Our story concerns the crew of Moon Rocket 4, which despite its name is the first space mission to the moon. Four men and one woman are on their way to make history. Commander Laird Grainger (Sonny Tufts) is very by-the-book, meanwhile, crew member Walt Walters (Douglas Fowley) is obsessed with getting rich off this historic voyage. The trip starts to turn strange when navigator Helen Salinger (Marie Windsor) is able to find a perfect landing spot on the moon without checking her charts. When the crew dons spacesuits and heads out to explore, she directs them to a cave that is too far away to see, yet she knew it was there.
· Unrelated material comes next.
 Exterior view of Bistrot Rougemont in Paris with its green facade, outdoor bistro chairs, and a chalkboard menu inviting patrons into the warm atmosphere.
In the cave the crew discovers breathable air (of course) and giant spiders that attack by flopping on top of our heroes and wiggling their legs. This causes Helen to scream a lot. Not wishing to encounter any more nasty creatures, they decide to head back to the ship, problem is their spacesuits have been swiped. With no other choice, they proceed into the cave and discover a temple filled with hot babes in black catsuits. And by “filled” I mean there are about eight cat-women…none of whom have ever seen a man. It turns out that head cat-chick, Alpha (Carol Brewster) has been psychically leading Helen to their location so they can capture the crew, take over the ship, and head back to earth to conquer it.
Cat-Women of the Moon is about as bargain basement as 50’s sci-fi gets. Take our explorers ship: for takeoff our heroes are strapped into cots and grimace due to the G-force, yet the desk chairs they sit in when they work stay quite stationary despite being on rollers. One of the crew even accidentally gives a swift kick to what must be an important control panel as he unstraps himself but doesn’t seem at all fazed by potentially damaging expensive space stuff.
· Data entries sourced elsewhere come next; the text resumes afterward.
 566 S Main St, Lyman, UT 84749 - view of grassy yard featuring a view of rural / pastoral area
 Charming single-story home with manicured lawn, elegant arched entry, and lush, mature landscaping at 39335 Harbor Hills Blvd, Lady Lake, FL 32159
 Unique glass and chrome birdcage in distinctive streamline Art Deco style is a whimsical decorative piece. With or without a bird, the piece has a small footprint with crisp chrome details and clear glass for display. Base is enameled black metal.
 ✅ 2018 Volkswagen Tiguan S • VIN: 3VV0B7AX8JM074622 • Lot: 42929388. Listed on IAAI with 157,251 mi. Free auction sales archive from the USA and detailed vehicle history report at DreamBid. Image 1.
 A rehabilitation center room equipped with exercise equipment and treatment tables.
If you aren’t already on board by this point, we have the epic battle with the giant spiders. These things slowly descend from the roof of the cave, dangling their legs in front of the crew’s faces for what seems an eternity. Yet they don’t notice these Shelob wannabes until they’re literally sitting on their faces! When the four men try to battle the creature it looks like a wrestling match with some sort of furry pasta.
Trust me, this is just the tip of the iceberg. You’re also in store for a clumsy script, wooden acting, a falling meteor that looks like a 4th of July sparkler (“Look out! Meteorite!”), and a trippy little dance number courtesy of the cat-women. I always cracked up at site of the male astronauts passionately kissing the intergalactic hotties in a way that looks like they are inhaling their faces. It’s downright hilarious. Clocking in at a whole hour and three minutes, Cat-Women of the Moon crams a lot of laughs into that short running time…and every single one of them is unintentional.